My Favorite Wrestling! WCW Worldwide 8/11/96

WCW Worldwide 8/11/96

1. High Voltage vs. Eddie and Chavo Guerrero

High Voltage do a bunch of press slam spots and I think that always makes me think they're more awesome than they actually are. Whatever. Rage doing a bunch of presses here lead to a cool Eddie roll-up reversal. But whatever, HV's springboard spots always look great. Heenan's commentary also never ceases to shit all over Mexicans.

2. Kevin Sullivan vs. Chad Brock

Brock bumped around pretty well for Sullivan, but I hate Sullivan squashes because they're always like 50 seconds and he does all his moves in the exact same order: back a guy into the corner with chops, throw him to the floor, go out and get him (if '97, insert Jacqueline vertical suplexing the guy here), tree of woe, double foot stomp. Bleh.

3. Maxx vs. Ice Train

Lee Marshall humbly talking about "powerful men feeling each other out" made Rachel laugh and filled me with wrestle shame. I think this match actually could have benefitted from more time. I think it needed more time to build up that both guys' power cancels the other's out, so the person with the better combo of power and speed will win. Instead we only get one shoulder block no-sold by both, with both flexing and screaming, and then we go into Ice Train spots. I would have liked to see more power parity spots. I did like Maxx's big missed leaping back elbow, but this wasn't great.

4. Big Bubba vs. Chip Minton

Bubba looks like a total skeet here with a week long bender beard and homemade sleeveless shirt. Minton is game here for a beating and Bubba doles out a pretty decent one with a nice big boot, GREAT headbutt from the apron, couple big time slams, although he did look like he was yawning and sleepwalking his way through this. Minton has some really impressive leaping ability and I'm shocked WCW never tried to do more with him as it seems like they could have gotten SOME publicity out of it.
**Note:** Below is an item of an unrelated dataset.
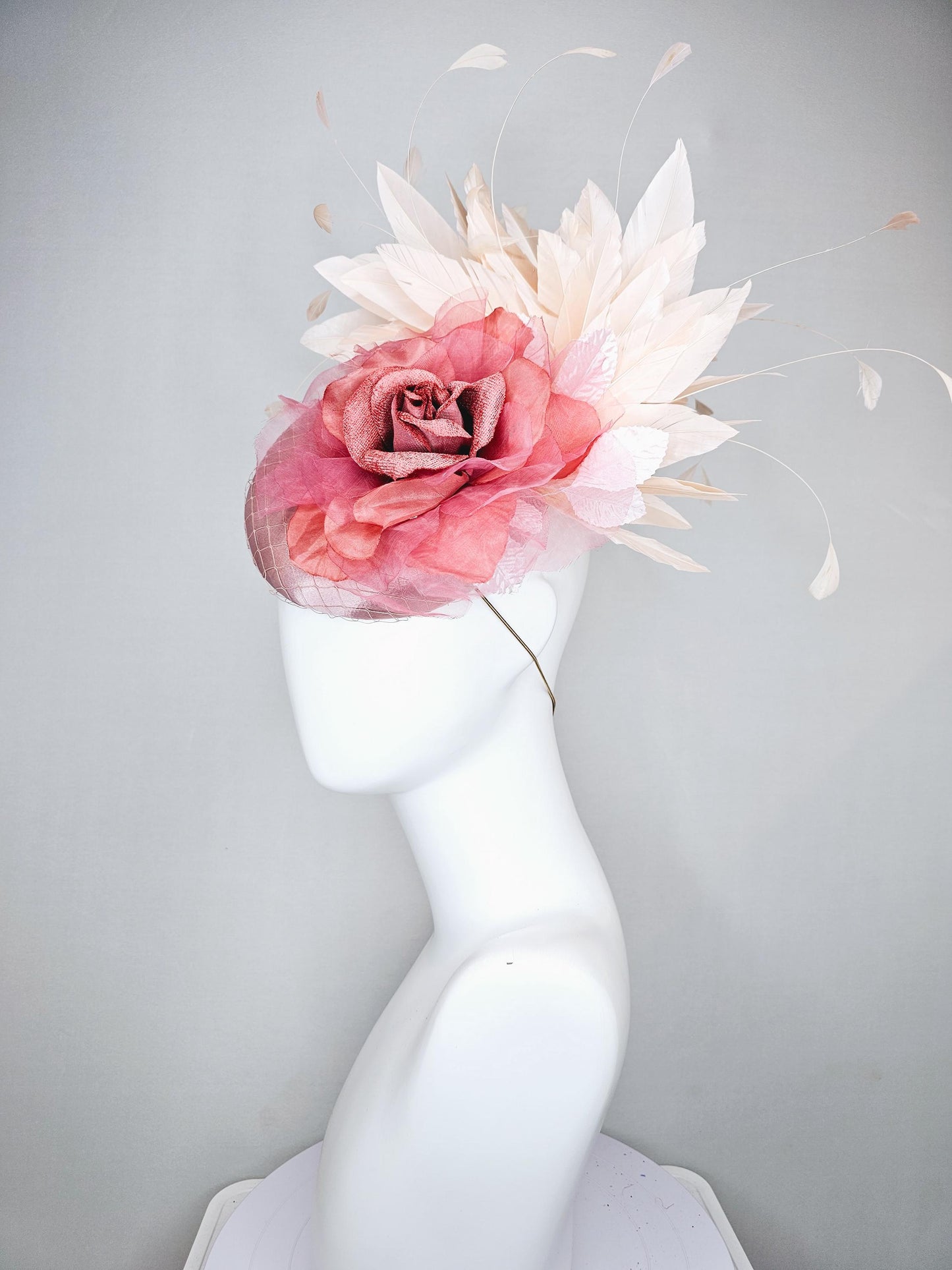 kentucky derby hat fascinator dusty rose satin with netting, large rose gold pink peach organza satin rose flower, ivory branching feathers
5. Rough & Ready (Enos and Slater) vs. Harlem Heat

I actually don't remember the Enos/Slater team at all. This match gets a lot of time, 11 minutes, and is pretty decent. But good lord Harlem Heat is just not very good at all. They've probably aged worse than anybody in this span. Stevie Ray is worse than you remember him, and yes I know how badly you remembered him. Enos and Slater actually make Stevie Ray offense look good and for that they get enormous credit. Enos throws a standing overhead belly-to-belly that dumps Booker right on his head. Ouch. Stevie Ray throws a clothesline to Slater's stomach that Slater has absolutely no clue how to sell. But overall this whole match works because most of it is awesome Enos/Slater control segments, with my favorite part being Enos cutting off a tag by running and stomping over Stevie on his way to knock Booker off the apron. To the shock of everybody, Booker wins this with a shitty looking kick.